= Materials provided =

+++

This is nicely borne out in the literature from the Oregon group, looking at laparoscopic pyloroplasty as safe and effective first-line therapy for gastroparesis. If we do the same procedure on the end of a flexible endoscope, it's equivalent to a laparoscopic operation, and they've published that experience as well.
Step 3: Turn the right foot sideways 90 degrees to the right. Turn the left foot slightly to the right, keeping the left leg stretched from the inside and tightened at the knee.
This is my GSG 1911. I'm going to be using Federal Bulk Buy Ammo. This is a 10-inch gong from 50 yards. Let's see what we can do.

+++

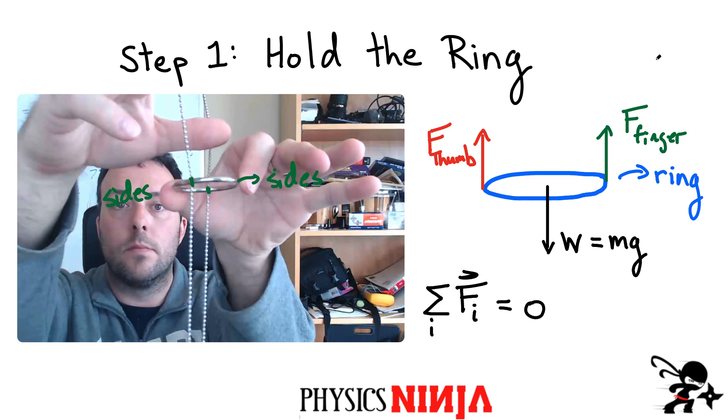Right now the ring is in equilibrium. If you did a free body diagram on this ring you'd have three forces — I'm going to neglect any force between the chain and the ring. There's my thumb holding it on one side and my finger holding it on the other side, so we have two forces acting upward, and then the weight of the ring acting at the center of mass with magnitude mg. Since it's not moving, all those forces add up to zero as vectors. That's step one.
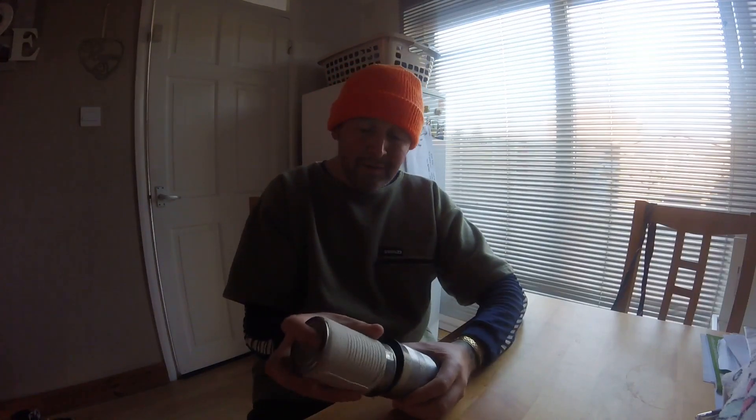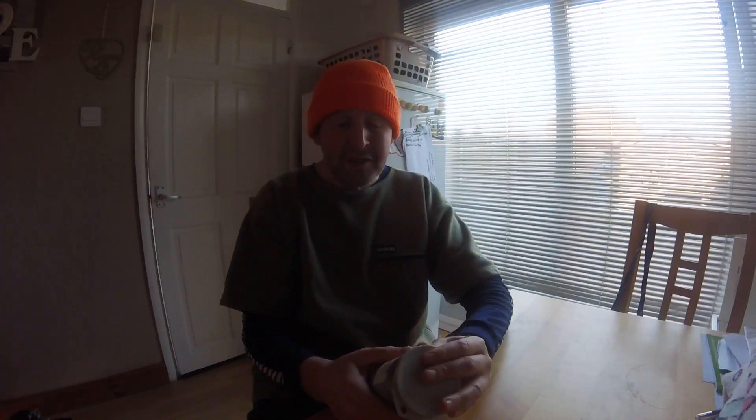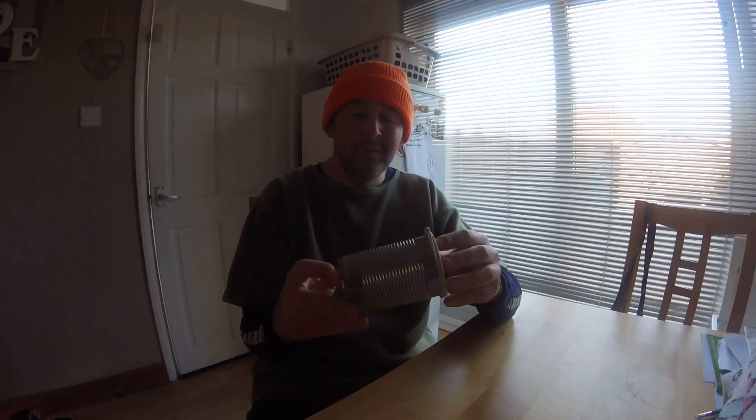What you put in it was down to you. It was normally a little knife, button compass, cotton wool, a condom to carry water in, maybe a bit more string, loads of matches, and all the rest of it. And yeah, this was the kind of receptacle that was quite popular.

+++

= Goal of the exercise =
From the entries above, restate word for word the lines from the line containing "Step 3: Turn" to the line containing "This is my GSG", both ends included, and nothing more.

= Problem solution =
Step 3: Turn the right foot sideways 90 degrees to the right. Turn the left foot slightly to the right, keeping the left leg stretched from the inside and tightened at the knee.
This is my GSG 1911. I'm going to be using Federal Bulk Buy Ammo. This is a 10-inch gong from 50 yards. Let's see what we can do.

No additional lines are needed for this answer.